War. What is it good for?
My four year old fell asleep surprisingly quickly. Especially when viewed through the lens of ‘Dad, I’m not even tired’. Imaging this was going to be a long haul event, I suddenly found myself with an unexpected time slot available for… well, initially, I must honest, scooching the Basset hound over and embracing the suckatude of television.
After briefly attempting to expand my horizons with something new (and failing) I defaulted back to the first episode of Stranger Things, the first season of which is truly masterful. The subsequent seasons, less so, but then again, I’m quite difficult to placate.
I wasn’t quite ready for bed and so in a manner that I like to think demonstrates enigmatic-ism… ha, I selected a (random-ish) book off the shelf, opened it somewhere near the middle and started reading.
Damn, I’d forgotten what a good book this was… eh… is. Wait… let me scowl for the camera.
I loved this book when it came out… as is evidenced by my tired and graunched* dustcover. (and also the fact that my hardcover is signed by the author… although I have no idea if this means a premium in the price paid for said literature)
*my spell-chekcer feels this is ‘informal British’. Who knew.

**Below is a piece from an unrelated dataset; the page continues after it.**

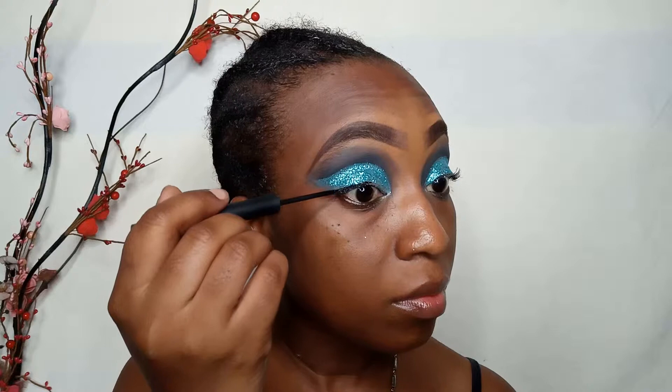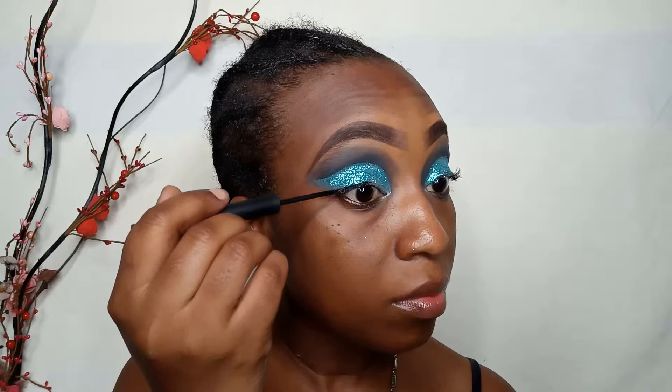Next I'm applying some eyeliner — it's actually one of the steps of makeup that I cannot do without. I wear black eyeliner every day because I love how it draws attention to the eyes.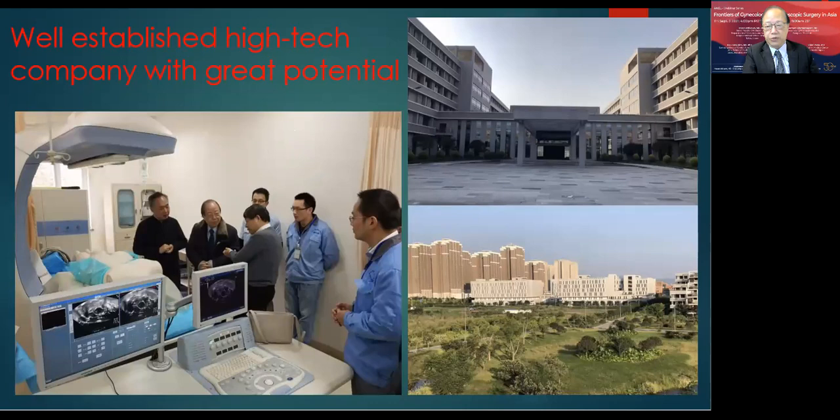I then visited many high-intensity focused ultrasound treatment centers in China, and also visited centers in Korea, Taiwan, and the United Kingdom to observe this new surgical approach in development.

In any event, soon after its release this book (and its author) hit the podcast circuit. The Tim Ferriss Show (is that still a thing?) etc, mainstreaming its brilliance to a wider audience. Which means, of course, that now I loved it less, ha ha, and I dutifully trundled off to go find newer, shiner things that I could keep to myself and feel smug about.
But really, I think this book changed my life. Or rather, seriously adjusted my outlook on… well… everything really.
This is one of my favorite passages…
The question of societal breakdown in the face of calamity suddenly became urgent in the run-up to World War 2, when the world powers were anticipating aerial bombardments deliberately calculated to cause mass hysteria in the cities. English authorities, for example, predicted that German attacks would produce 35,000 casualties a day in London alone (total civilian casualties for the country were not even twice that). No one knew how a civilian population would react to that kind of trauma, but the Churchill government assumed the worst. So poor was their opinion of the populace – particularly the working-class people of East London- that emergency planners were reluctant to even build public bomb shelters because they worried people would move into them and simply never move out. Economic production would plummet and the shelters themselves, it was feared, would become a breeding ground for political dissent and even Communism […]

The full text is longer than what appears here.